▶ _DATA FOR THIS EXERCISE_:
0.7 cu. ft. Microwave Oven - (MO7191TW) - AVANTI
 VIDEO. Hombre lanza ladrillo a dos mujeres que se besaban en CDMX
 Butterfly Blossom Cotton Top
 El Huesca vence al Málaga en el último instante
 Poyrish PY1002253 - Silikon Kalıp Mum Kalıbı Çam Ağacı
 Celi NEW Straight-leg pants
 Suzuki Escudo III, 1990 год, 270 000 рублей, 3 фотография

▶ _ACTION ITEM_:
Set down, word for word and with no other lines, the listing from the line marked by "VIDEO. Hombre lanza" through its final line.

▶ _YOUR SOLUTION_:
 VIDEO. Hombre lanza ladrillo a dos mujeres que se besaban en CDMX
 Butterfly Blossom Cotton Top
 El Huesca vence al Málaga en el último instante
 Poyrish PY1002253 - Silikon Kalıp Mum Kalıbı Çam Ağacı
 Celi NEW Straight-leg pants
 Suzuki Escudo III, 1990 год, 270 000 рублей, 3 фотография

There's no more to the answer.